For example, you could have an ONTAP system on site and replicate all its data through NetApp SnapMirror® replication technology and have a Cloud Volumes ONTAP instance hosted in AWS as its replication destination. It would then be possible to perform a disaster recovery failover and failback between on-site physical ONTAP servers or a Cloud Volumes ONTAP node in the cloud.

The added benefits Cloud Volumes ONTAP presents in the backup and recovery context:

  • Data tiering for backup or DR volumes, allows the secondary data copy to be stored on a cost-effective capacity tier and seamlessly move back to the performance storage tier when needed. Tiering between Amazon EBS and Amazon S3 is not possible natively in AWS.
  • All the data is stored with NetApp storage efficiency features such as data compression and deduplication.
  • Cost savings due to the combined features mentioned above can lower cloud data storage costs by as much as 70%. 

Now let’s look at AWS. Backup is possible in a few different forms:

  • Deploying a File Gateway (Storage Gateway for files) and using it as a file backup repository on Amazon S3.
  • Deploying as a Volume Gateway (Storage Gateway for volumes) with stored volumes that have Amazon EBS snapshots. These volumes can use the snapshots to recover to the gateway or to an EC2 instance.
  • Deploying as a Tape Gateway (Storage Gateway for tapes) and archive all the virtual tapes in Amazon S3.

Snapshots

When deploying Storage Gateway as a Volume Gateway you have the option to set it with Stored Volumes. Using Stored Volumes means that all the block storage is provisioned locally (i.e., on-prem), and backed up by Amazon EBS snapshots stored in Amazon S3, which can be created based on a schedule. Recovery from one of these point-in-time images can be done directly back to the Volume Gateway or mounted as EBS volumes that can then be associated with an EC2 instance. In the case of a File Gateway, all data is stored directly in Amazon S3. You can use Amazon S3 versioning as a point-in-time recovery option.

In the case of Cloud Volumes ONTAP, NetApp Snapshot™ technology lets you take snapshots at the volume level upon a schedule or whenever needed and use them for recovery, replication or cloning. Using NetApp WAFL technology, these copies are created much faster and with less storage space than other snapshot technologies. 

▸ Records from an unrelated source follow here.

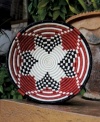 Rwandan women pour heart and soul into the Urukundo fruit bowl, a basket made with and symbolic of love. Hanging on a wall or topping a coffee table, the hand-woven red, black and white pattern makes a bold, meaningful statement.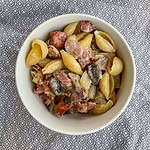 Bacon and mushroom pasta In a white bowl on a grey tablecloth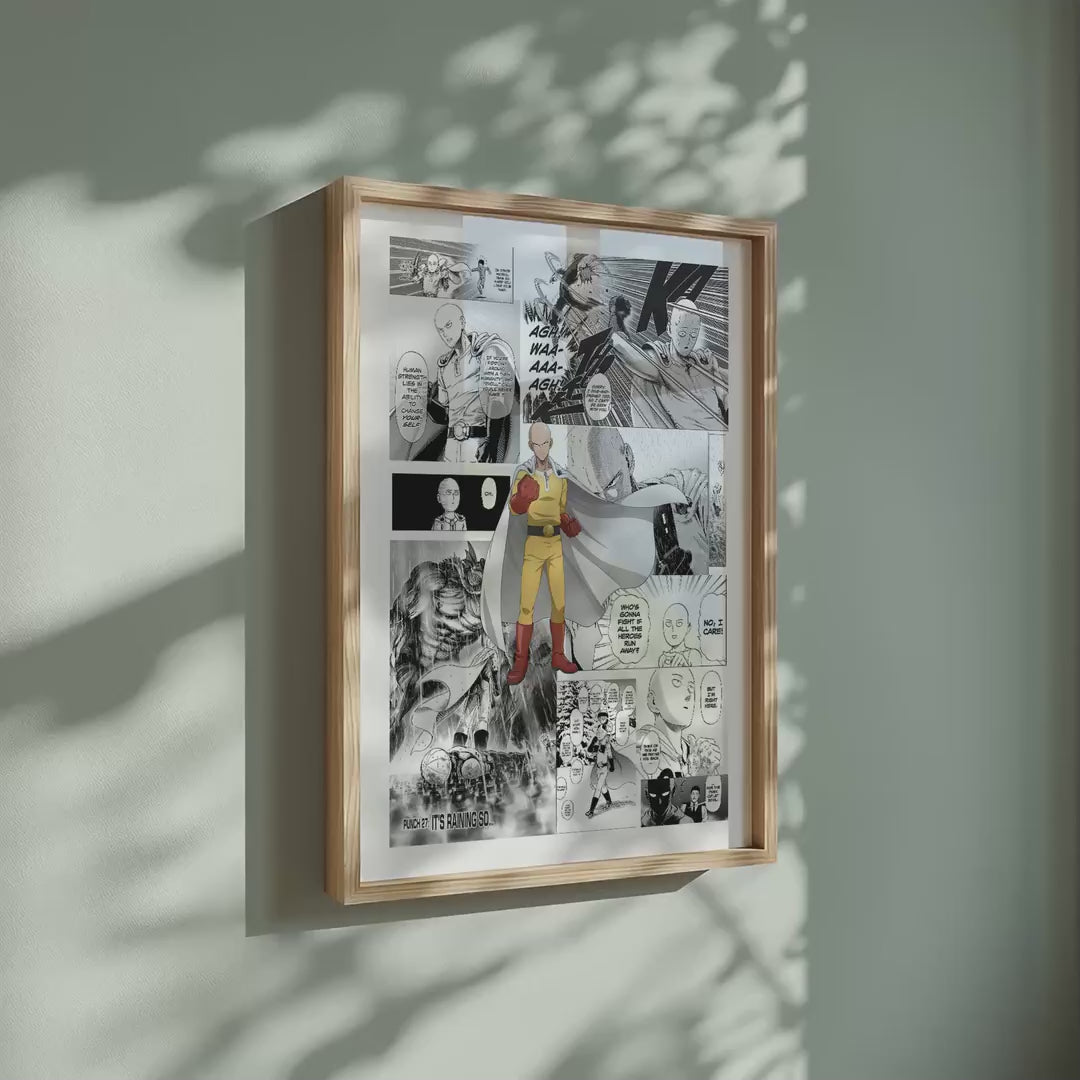 Video of the Saitama manga poster inspired by One-Punch Man in a light wood frame on a sage green wall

Scheduling snapshots in Cloud Volumes ONTAP is also much easier and repeatable thanks to the user-friendly Cloud Manager GUI system.

Data Protection and Security

Storage Gateway doesn't move the data permissions to Amazon S3. That means, should the gateway fail, the data in the S3 buckets will not be protected. Cloud Volumes ONTAP moves the data in blocks, so data remains protected at the block-level and can’t be accessed through Amazon S3. 

Cloud Volumes ONTAP offers the option of deploying an AWS high availability pair residing in a different Availability Zone. This configuration provides an extra level of protection that guarantees that the storage remains available and ensures RPO=0 and RTO<60 seconds.

Both platforms offer native encryption methods. With Cloud Volumes ONTAP you can encrypt the volumes using NetApp Volume Encryption (NVE) or AWS encryption, while with Storage Gateway everything can be encrypted with Amazon KMS.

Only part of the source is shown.